In India, a pattern of attacks on Christians

Yesterday, a top Indian official acknowledged the violence and called for action.

It began slowly in 1998. The attacks seemed isolated; no one had heard of such a thing. A church altar destroyed in one town. Nuns raped in another. Bibles burned.

But today, attacks against Christians in India appear part of a systematic, and often violent campaign against a mostly peaceful and relatively powerless minority - just 2 percent of India's population.

The violence began after the 1998 accession to power of an Indian government whose ideological underpinnings include anti-minority teachings, writings, and theories. The result is a new and uncharacteristic climate of fear among Christians - in a nation long fabled for its tolerance.

Today, despite a mixture of official denials and what often seem oblique and reluctant official censures, the incidents are occurring almost weekly - with Hindu radical groups one day gloating in the press over killings of Christian believers, and the next denying any part in them. Some 35 attacks against Christian targets are recorded by the Delhi-based United Christian Forum for Human Rights (UCFHR), between January and June.

In June, matters got worse. On June 7, a Catholic priest, George Kuzhikandam, was killed while sleeping in a church compound in a town called Mathura in Uttar Pradesh.

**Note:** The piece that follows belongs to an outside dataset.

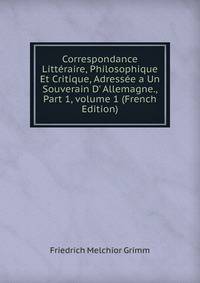 Correspondance Litt?raire, Philosophique Et Critique, Adress?e a Un Souverain D' Allemagne., Part 1, volume 1 (French Edition)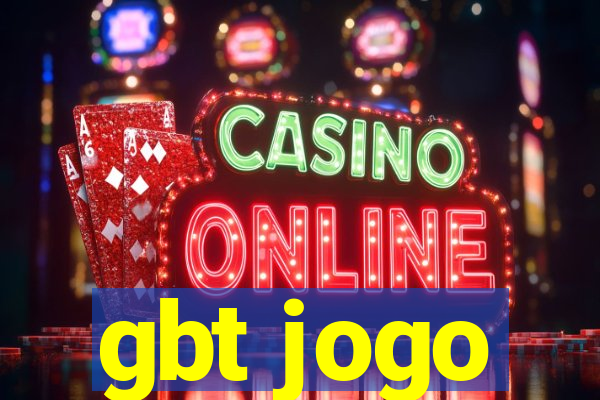 gbt jogo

A week later, four churches in different parts of India were bombed. The morning after the bombings, a young evangelical preacher from Punjab, Ashish Prabash, who worked for India Campus Crusade for Christ, was found stabbed to death in his bed, and partially burned. A week later, church grave sites in Andhra Pradesh were desecrated. Three days ago the sanctuary of a church in Maharashtra was ransacked after threats severe enough to cause the terrified head priest to run away without filing a police report.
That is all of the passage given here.